When Dan used to come home from Harvard she put on a pretty cap for him, and distinguished him as company by certain laces hiding her wasted frame, and giving their pathetic coquetry to her transparent wrists. He was her favourite, and the girls acknowledged him so, and made their fun of her for spoiling him. He found out as he grew up that her broken health dated from his birth, and at first this deeply affected him; but his young life soon lost the keenness of the impression, and he loved his mother because she loved him, and not because she had been dying for him so many years.

As he now came into her room, and the waiting-woman went out of it with her usual, “Well, Mr. Dan!” the tenderness which filled him at sight of his mother was mixed with that sense of guilt which had tormented him at times ever since he met his sisters.
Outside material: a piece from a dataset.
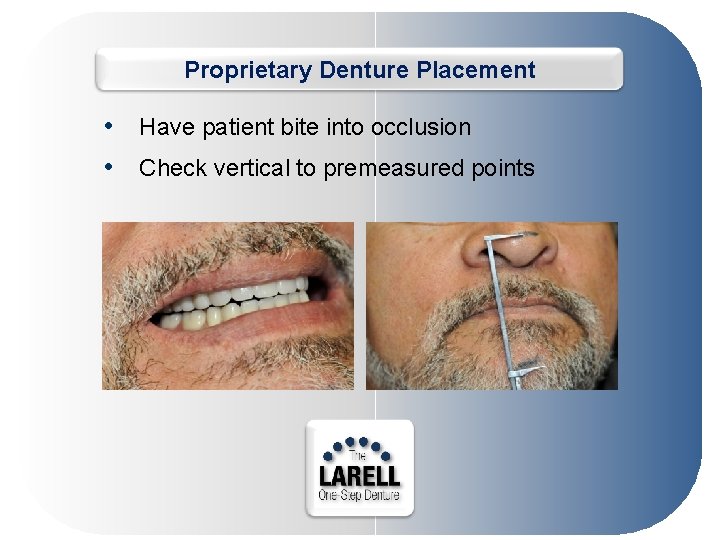Proprietary Denture Placement • Have patient bite into occlusion • Check vertical to premeasured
He was going to take himself from her; he realised that.

“Well, Dan!” she called, so gaily that he said to himself, “No, father hasn't told her anything about it,” and was instantly able to answer her as cheerfully, “Well, mother!”
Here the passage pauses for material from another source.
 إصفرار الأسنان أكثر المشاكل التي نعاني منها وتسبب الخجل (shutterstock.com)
He bent over her to kiss her, and the odour of the clean linen mingling with that of the opium, and the cologne with which she had tried to banish its scent, opened to him one of those vast reaches of associations which perfumes can unlock, and he saw her lying there through those years of pain, as many as half his life, and suddenly the tears gushed into his eyes, and he fell on his knees, and hid his face in the bed-clothes and sobbed.

She kept smoothing his head, which shook under her thin hand, and saying, “Poor Dan! poor Dan!” but did not question him. He knew that she knew what he had come to tell her, and that his tears, which had not been meant for that, had made interest with her for him and his cause, and that she was already on his side.

He tried boyishly to dignify the situation when he lifted his face, and he said, “I didn't mean to come boohooing to you in this way, and I'm ashamed of myself.”

“I know, Dan; but you've been wrought up, and I don't wonder. You mustn't mind your father and your sisters. Of course, they're rather surprised, and they don't like your taking yourself from them—we, none of us do.”

At these honest words Dan tried to become honest too. At least he dropped his pretence of dignity, and became as a little child in his simple greed for sympathy. “But it isn't necessarily that; is it, mother?”

“Yes, it's all that, Dan; and it's all right, because it's that. We don't like it, but our not liking it has nothing to do with its being right or wrong.”

“I supposed that father would have been pleased, anyway; for he has seen her, and—and. Of course the girls haven't, but I think they might have trusted my judgment a little. I'm not quite a fool.”